United States District Court, D. Colorado
September 16, 2014
JOE HAND PROMOTIONS, INC., Plaintiff,
C.J.'S SPORTS BAR, LLP, and LARRY DEANE COWDEN and DOROTHY GAIL COWDEN, as General Partners, Defendants.
PHILIP A. BRIMMER, District Judge.
This matter is before the Court on the Notice of Motion and Motion to Dismiss [Docket No. 5] filed by defendants C.J.'s Sports Bar, LLP ("C.J.'s"), Larry Deane Cowden, and Dorothy Gail Cowden. The Court's jurisdiction is based on 28 U.S.C. § 1331.
Plaintiff Joe Hand Promotions, Inc. ("Joe Hand") sets forth the following factual allegations in its complaint. Docket No. 3. The Cowdens are the general partners of C.J.'s. Id. at 4, ¶ 4. Joe Hand is a commercial distributor of sports programming. Id. at 5, ¶ 8. Joe Hand spends substantial sums of money on marketing, advertising, promoting, administering, and transmitting sports programming to the broadcasting entities. Id.
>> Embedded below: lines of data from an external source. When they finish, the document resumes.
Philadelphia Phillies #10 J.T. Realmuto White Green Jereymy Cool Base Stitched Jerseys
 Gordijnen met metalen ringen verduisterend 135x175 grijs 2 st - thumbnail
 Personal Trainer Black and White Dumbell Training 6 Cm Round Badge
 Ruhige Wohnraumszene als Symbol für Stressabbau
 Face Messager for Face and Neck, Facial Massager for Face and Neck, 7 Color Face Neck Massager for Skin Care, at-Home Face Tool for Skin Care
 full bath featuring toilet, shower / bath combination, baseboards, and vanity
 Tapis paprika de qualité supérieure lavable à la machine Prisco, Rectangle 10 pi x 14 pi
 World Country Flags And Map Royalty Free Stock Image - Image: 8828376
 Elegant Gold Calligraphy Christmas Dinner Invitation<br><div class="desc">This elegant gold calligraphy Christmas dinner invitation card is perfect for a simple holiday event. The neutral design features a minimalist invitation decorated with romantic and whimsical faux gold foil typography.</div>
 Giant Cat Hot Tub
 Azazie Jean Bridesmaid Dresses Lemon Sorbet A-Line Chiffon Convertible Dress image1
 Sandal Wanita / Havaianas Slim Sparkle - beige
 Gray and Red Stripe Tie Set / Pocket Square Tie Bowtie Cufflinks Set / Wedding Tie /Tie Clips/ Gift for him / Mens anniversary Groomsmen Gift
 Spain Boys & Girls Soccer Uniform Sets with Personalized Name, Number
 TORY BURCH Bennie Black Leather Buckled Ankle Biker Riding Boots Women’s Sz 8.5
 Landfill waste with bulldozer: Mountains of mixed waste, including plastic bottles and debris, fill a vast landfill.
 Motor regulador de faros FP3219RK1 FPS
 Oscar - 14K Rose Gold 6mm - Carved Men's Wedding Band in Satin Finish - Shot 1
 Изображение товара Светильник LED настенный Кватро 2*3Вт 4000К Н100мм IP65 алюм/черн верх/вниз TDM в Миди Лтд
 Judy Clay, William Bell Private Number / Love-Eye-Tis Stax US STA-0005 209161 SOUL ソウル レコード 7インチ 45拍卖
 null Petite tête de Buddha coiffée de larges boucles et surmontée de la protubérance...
Joe Hand owns the exclusive national television distribution rights to the "Ultimate Fighting Championship 134: Anderson Silva vs. Yushin Okami, " which took place on August 27, 2011. Id. at 5, ¶ 6. Defendants showed the Silva vs. Okami fight in real time at C.J.'s, despite their knowledge that they were unauthorized to do so. Id. at 5, ¶ 9.
On August 16, 2013, Joe Hand filed a complaint against defendants in the District Court for the County of El Paso, Colorado, asserting violations of 47 U.S.C. §§ 553 and 605 and state law conversion. Docket No. 3 at 4-6. Plaintiff seeks compensatory and statutory damages, attorney's fees, and costs. Id. at 6-7. On September 4, 2013, defendants removed the matter to this Court. Docket No. 1. On September 6, 2013, defendants filed the instant motion to dismiss. Docket No. 5.
II. STANDARD OF REVIEW
The Court's function on a Rule 12(b)(6) motion for failure to state a claim upon which relief can be granted is not to weigh potential evidence that the parties might present at trial, but to assess whether the plaintiff's complaint alone is sufficient to plausibly state a claim. Fed.R.Civ.P. 12(b)(6); Dubbs v. Head Start, Inc., 336 F.3d 1194, 1201 (10th Cir. 2003) (citations omitted). In doing so, the Court "must accept all the well-pleaded allegations of the complaint as true and must construe them in the light most favorable to the plaintiff." Alvarado v. KOB-TV, LLC, 493 F.3d 1210, 1215 (10th Cir. 2007) (quotation marks and citation omitted).
The "plausibility" standard requires that relief must plausibly follow from the facts alleged, not that the facts themselves be plausible. Bryson v. Gonzales, 534 F.3d 1282, 1286 (10th Cir. 2008). However, "where the well-pleaded facts do not permit the court to infer more than the mere possibility of misconduct, the complaint has alleged-but it has not shown-that the pleader is entitled to relief." Ashcroft v. Iqbal, 556 U.S. 662, 679 (2009) (internal quotation marks and alteration marks omitted).
A. Federal Claims
Defendants argue that plaintiff's claims are time barred by the applicable one-year statute of limitations. Docket No. 5.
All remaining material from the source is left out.